School checkbook bill gets its fangs back

A bill to get school districts to put their checkbooks online got its teeth back today after a lengthy series of legislative acrobatics on the state Senate floor.

The bill, from Sen. Ted Harvey, R-Highlands Ranch, had been introduced as a mandatory measure, meaning districts would be required to put some type of log of their expenses and receipts online. That changed, though, in the Senate Education Committee, where Democrats made the reporting requirements optional but encouraged.

Enter a fiery Harvey this morning, who successfully ran an obstacle course of motions, amendments and negotiations to get the Education Committee changes stripped and the bill passed mostly as it was before.

Harvey said the bill, Senate Bill 57, is a necessary step toward transparency.

“This is a very important issue, and one of the greatest comments I heard at the microphone during the (committee) testimony was, ‘If you can’t defend it, don’t spend it,’” Harvey said. “... That’s all we’re asking for with this bill.
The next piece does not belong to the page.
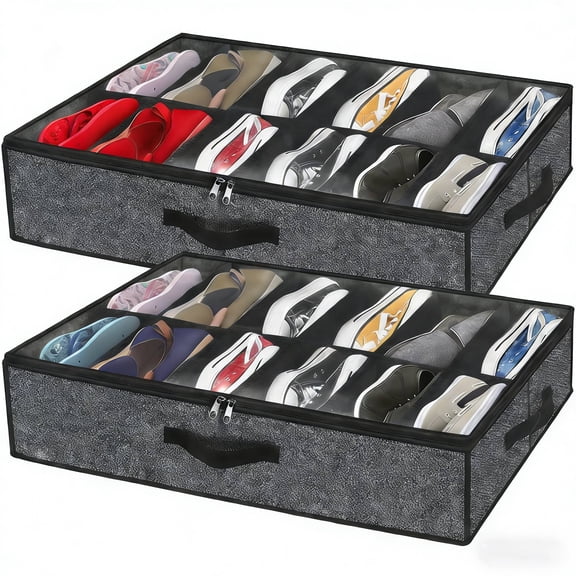 Under Bed Shoe Storage Organizer, Set of 2, Fit 8 to 16 Pairs, Underbed Shoes Closet Storage Solution with Clear Window 24×18×6in, Gray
Show us the money. It’s the taxpayers’ money.”

Democrats opposed to the bill – indeed a number of Democrats ended up ultimately voting for it in its mandatory form – raised two concerns. The first was that the legislature was passing on a somewhat unknown cost to school districts at a time when the districts are already having to slash their budgets.

Sen. Bob Bacon, D-Fort Collins, said making the bill’s requirements optional would allow the legislature to get a better handle on how much putting the checkbook online costs before mandating that all districts do it.

“Nothing is difficult, impossible or expensive to do by those who do not have to do it,” Bacon chided Republicans.

The second concern was that, by telling school districts what to do, the legislature was improperly intruding on the districts’ local control.

“In this case, I do like the idea of letting local school districts manage their business according to the wills and desires of the parents in the districts,” Senate Majority Leader Brandon Shaffer, D-Longmont, said. “... It’s funny, we’re all for local control down here until, well, we aren’t. In this case, I think we should let the school districts make the decision on their own.”

But Republicans ultimately prevailed by arguing that the requirements would be relatively easy to accomplish and not very costly and by making some small changes to the bill that placated at least a handful of Democrats. The start date of the requirements was pushed back a year, until September, 2011. And school districts, mostly in rural areas, without websites or interactive websites were granted an exemption.

“The argument against this bill, to me, is a hollow one,” Senate Minority Leader Josh Penry, R-Grand Junction, said. “What are we afraid of?”

The bill still needs another approval in the Senate before heading over to the House and a whole new round of fighting.